Hugh talks to Simon Pegg about playing a Thompson Twin in Tintin


One of the biggest blockbusters out this holiday period is without a doubt “The Adventures of Tintin”, the 3D adventure directed by Steven Spielberg in one of his finest works.

Hugh Humphreys had a chat to one of its stars Simon Pegg, who plays one half of the bumbling policemen “Thomson and Thompson”.

Tintin is such a popular cartoon, so many people have watched it or seen it in some form. What was it like for you, stepping into a role that everyone knows?

It was fun. It was nice to be able to work alongside Nick [Frost] and have Nick as the other Thomson. It’s two sides of the same character really; the Thomsons are just a split personality. They’re desperate to be individuals but really they’re the same guy. So to walk into it with my best friend in real life was a nice comforting feeling. Because we were going to work for arguably the greatest director alive, and we were sort of very aware of that. So it was good to do it with a friend. But I’m glad that I knew Tintin and had gown up with Tintin and felt comfortable with the source material.

So it was something you had enjoyed yourself?

Oh yeah, absolutely.

Who was your favourite character?

In Tintin? Probably Tintin himself.  Because when I was a kid it was about being that boy, being that boy reporter out there in the big bad world. I mean that’s what Tintin is – this curiously parentless action figure who the young children could relate to.

And Steven Spielberg. How was it working with him to put the film together?

Brilliant. He’s obviously a master of his craft and it was a joy to really watch him work, you know. He refers to Nick and me as “his boys” which is infinitely pleasing. And the chance to be in his presence while he does what he does was brilliant.

Talk me through the motion capture and the way that all worked in regards to the filming.

Well it’s actually a really interesting process that is quite hard to explain. But as you probably know, we wear these suits that can be captured by the computer; they’re covered in reflective markers, which the computer can pick up on and reproduce inside the computer.

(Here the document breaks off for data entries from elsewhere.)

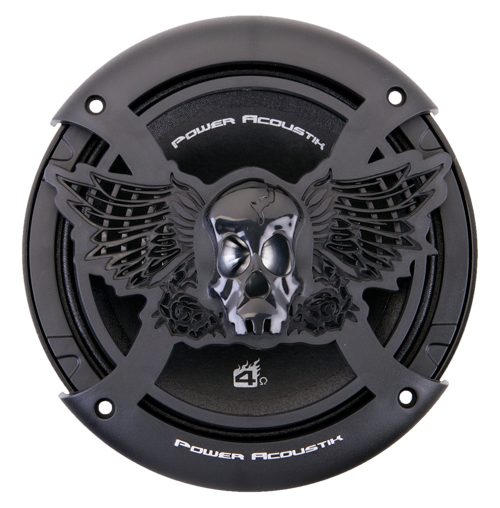 Фото Среднечастотная АС акустики Power Acoustik PRO.654.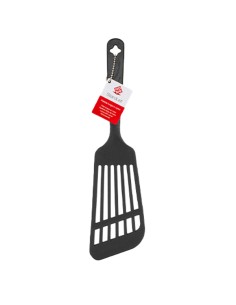 Paletta lunga da cucina - nylon - nero 2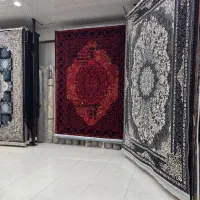 فرش وینتیج لاکی و عشایر ۱۲و۹و۶متری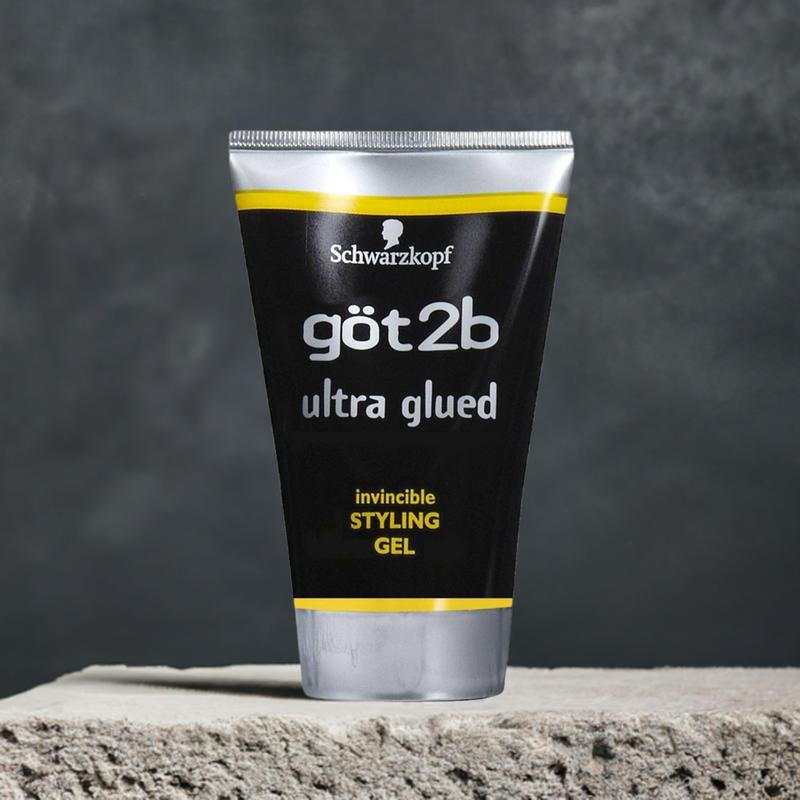 Got 2 B Ultra Glued Invincible Styling Gel 1.25 oz.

So what happens is, we as the actors shoot the whole film like a live action film in an area called “the volume”, which is an area of the studio which can be captured as a 3D environment. And then after we complete that the animators take what we’ve done – which is essentially the bones of the film – and they map the animation on top of it. So what you see with the entire film is what we shot, but coated with this beautiful animated veneer.

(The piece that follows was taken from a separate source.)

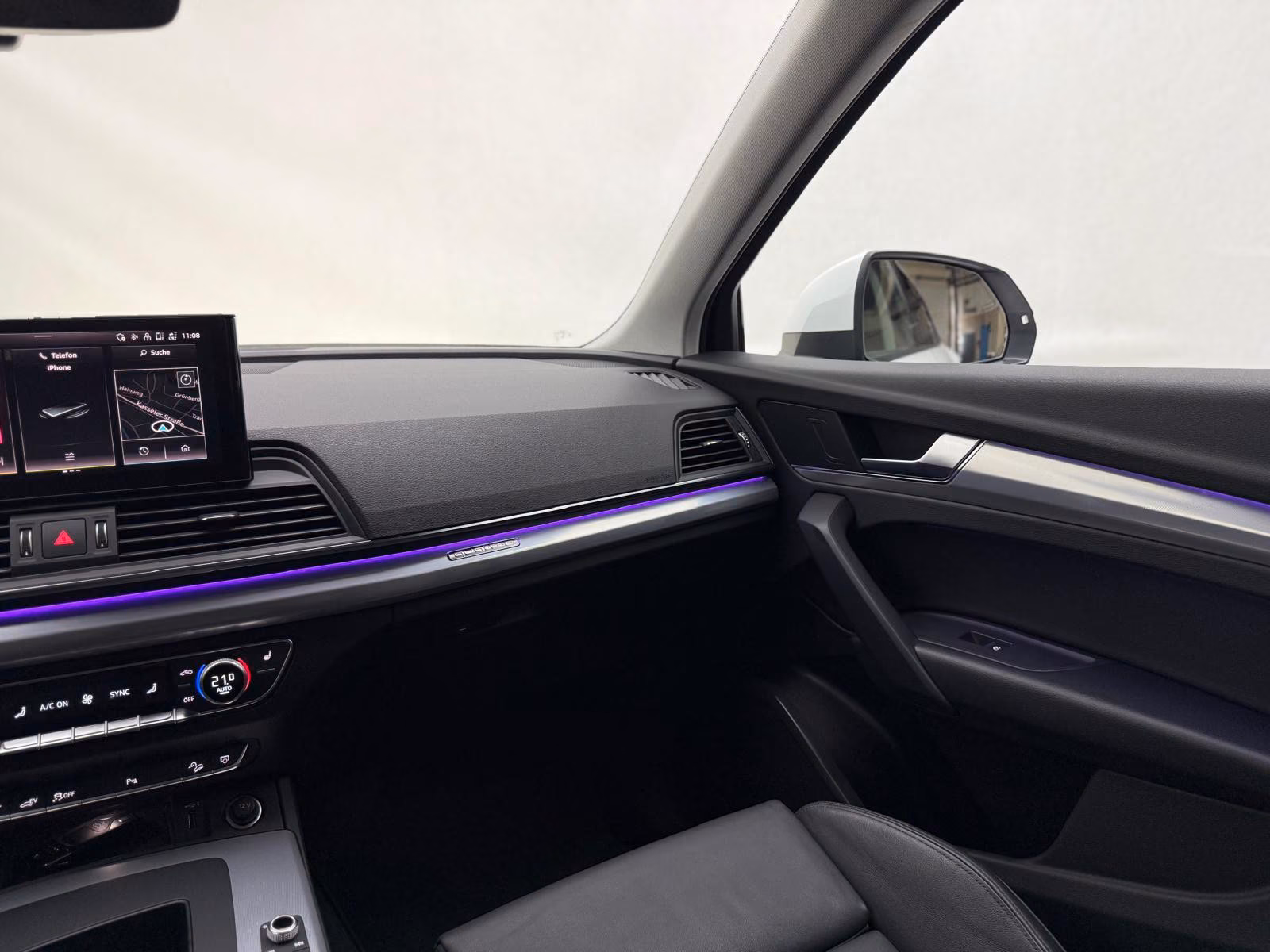 Audi Q5 50 TFSI e quattro S line LED+KAMERA+NAVI+SHZ, миниатюра 20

Thomson and Thompson are very comedic characters, was that something you enjoyed and relished doing?

I like slapstick comedy, and I’m certainly a fan of the likes of Laurel and Hardy and Buster Keaton, but it’s not particularly my comfort zone, so it was fun to get out there and play a pretty broad slapstick. I mean, the Thomsons are pretty much bumbling oafs, they fall over a lot and make mistakes. So that was essentially the limit of our duties in the movie, so it was good fun. We got to work with Cirque de Soleil, Terry Notary who’s a brilliant movement artist, who got us into our rhythm as a unit, as a twosome. And we used to just come to set and arse around.

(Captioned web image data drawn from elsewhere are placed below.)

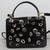 Tory Burch Top Handle Satchel Juliette Floral Bag 3 thumbnail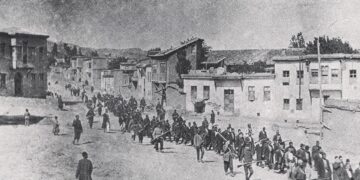 Qirkerdiş domyeno, tena name bedilîya; Qirkerdişê Armenîyan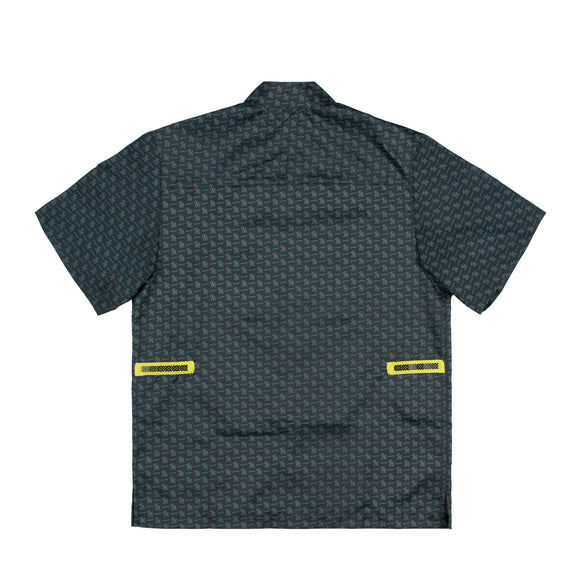 Artero Rio Poodle Smock – Unisex Grooming Sweatshirt with Contrast Inserts, Size Large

You can’t ask for much more, really.

Not at all!

Does the motion capture make you change the way that you act in putting the film together compared to a normal film?

A little bit, I mean you have to kind of find your level of performance. It’s not quite as minute as you can be when you’re doing live action filming because you have to project yourself through what will eventually be the character. But you can’t be as big as you are on stage because that would look too much. It’s a sort of middle ground you have to occupy. And that’s fun in finding that, that’s the art of it. That’s what Andy Serkis has got down pat now.

And you seem to be doing some major blockbuster films at the moment – a lot of them being sequels. “Mission: Impossible”, there’s sequels flagged on the cards for Tintin, and of course “Star Trek”. How are you enjoying being in these huge films?

It’s pretty good! Absolutely. It’s fun. I enjoy doing these films as much as doing smaller films, you know. Myself and Edgar Wright will make another film next year if all goes well. I’ve just completed a low budget film called “A Fantastic Fear of Everything”, which is going to be out next year. It’s a beautifully mad little movie, which I’m inordinately proud of. You know, I will always be able to go back and do little films like that, as well as participating in these grand films. I don’t favour either, there’s as much enjoyment and artistic value in something as huge as “Mission: Impossible” as there is in something smaller, it’s all about enjoying the process, really.


“The Adventures of Tintin” is at the movies now.